Le porche du couvent des Bénédictins d’Argenteuil, qui se compose de trois grandes arcades en plein cintre, d’architecture romane, et qui présente un élégant exemple de la décoration par lignes brisées, existait encore sur place en 1855, dans une maison particulière appartenant à M. Rigaud et construite sur une partie de l’emplacement de l’ancienne abbaye. Cet intéressant fragment d’architecture monastique ayant été offert à l’Hôtel de Cluny par son propriétaire, a été démonté pierre par pierre, transporté à Paris, puis réédifié en son état primitif dans les jardins du Musée.

L’arcade centrale est de forme trilobée, et les deux piliers sur lesquels elle s’appuie sont flanqués chacun de dix colonnettes aux chapiteaux historiés. La même disposition se répète pour les deux arcades latérales dont les cintres sont ornés de bâtons rompus, comme celle du milieu. — Lr 13m,50 ; Hr 4m,70.


87. — Colonne avec son chapiteau, provenant du même cloître des Bénédictins d’Argenteuil et appartenant à la même époque.

Cette colonne, dont le chapiteau ainsi que la base sont sculptés avec une grande finesse d’exécution, a été également donnée au Musée par M. Rigaud, et transportée d’Argenteuil à l’Hôtel de Cluny en 1855.


88. 89. — Piliers d’angles et de retombées provenant de l’ancienne tour de la commanderie de Saint-Jean-de-Latran, détruite en 1854. — xiiie siècle.

La commanderie de Saint-Jean-de-Latran, située en face du Collège de France, et désignée, antérieurement au xvie siècle, sous le titre de Saint-Jean-de-l’Hôpital ou Saint-Jean-de-Jérusalem, existait déjà en 1130 et occupait le vaste espace compris entre la rue Saint-Jacques et celle Jean-de-Beauvais d’un côte, la place Cambrai et la rue des Noyers de l’autre.

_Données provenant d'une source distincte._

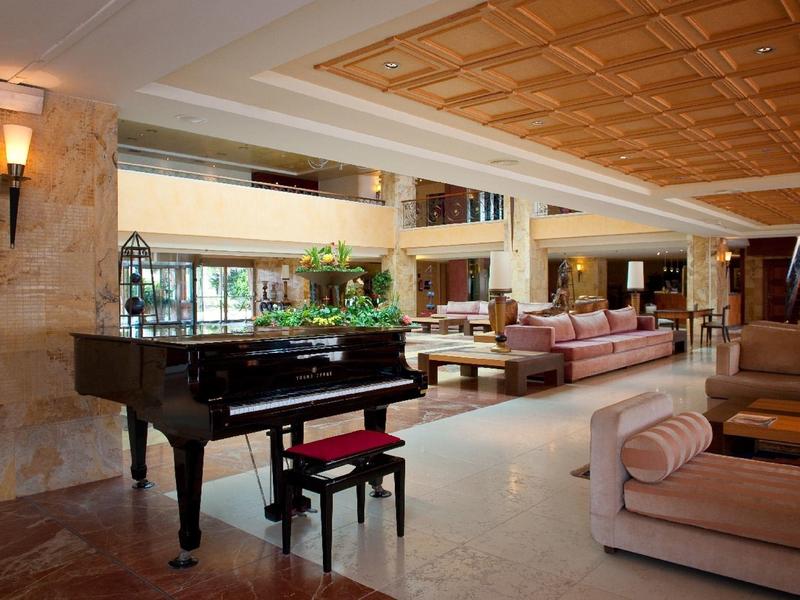Elegante Hotellobby mit Flügelklavier, bequemen Sofas und dekorativem Deckenmuster.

L’entrée principale, située en face de la porte actuelle du Collège de France, la grange aux dîmes, édifice du xiiie siècle, aux voûtes ogivales et aux nervures croisées, le logis du commandeur et le cloître, avaient été rasés depuis longtemps.

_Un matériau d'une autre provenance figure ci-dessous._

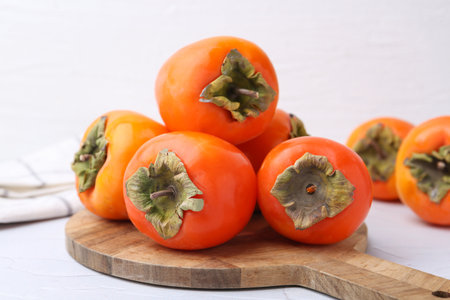 Delicious fresh juicy persimmons on white table, closeupの写真素材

La tour, intéressant spécimen de l’architecture militaire du moyen âge, était encore debout en 1854 ; mais l’ouverture de la rue des Écoles a malheureusement amené la destruction, au mois de décembre de la même année, de ce précieux monument, unique en son genre sur le sol du vieux Paris.

Cette tour, construction carrée, à l’extérieur austère, qui était destinée, selon Dulaure, au logement des pèlerins se rendant à Jerusalem, ou plutôt, comme

  1. Dulaure, Histoire des environs de Paris.